> [RECORDS PROVIDED]
═══
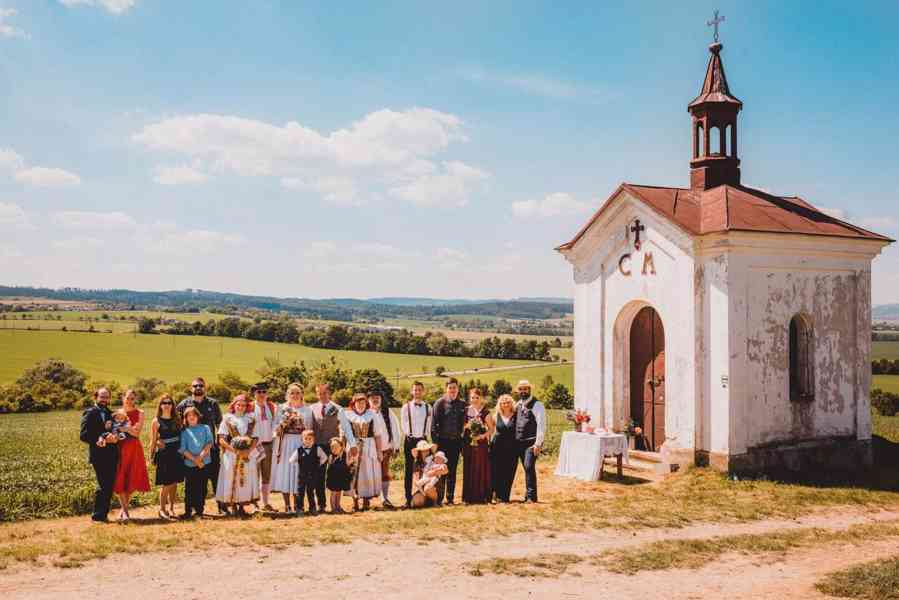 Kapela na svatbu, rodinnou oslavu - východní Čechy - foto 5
═══
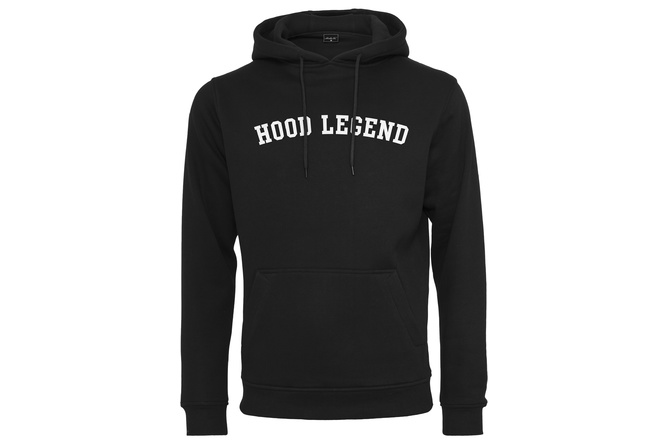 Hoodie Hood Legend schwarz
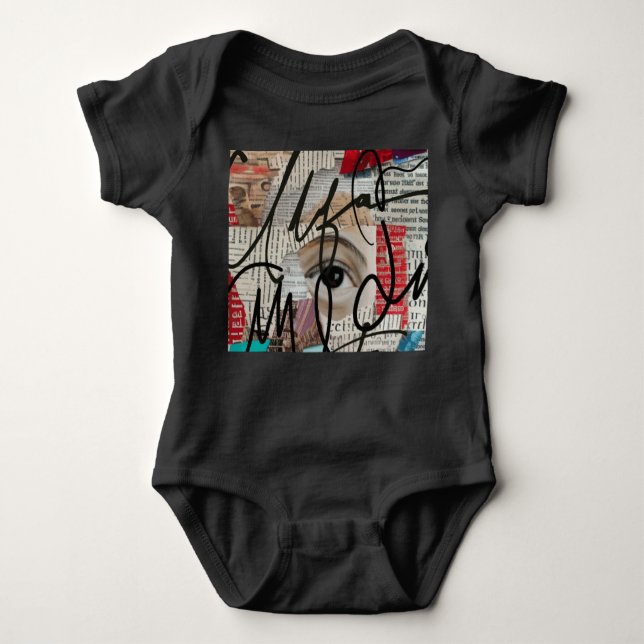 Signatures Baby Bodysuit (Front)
═══
> [WHAT IS NEEDED]
Quote word for word only the lines above from the one containing "Hoodie Hood Legend schwarz" through the one containing "Signatures Baby Bodysuit (Front)". Pictures stay out of your copy.

> [FINAL ANSWER]
 Hoodie Hood Legend schwarz
 Signatures Baby Bodysuit (Front)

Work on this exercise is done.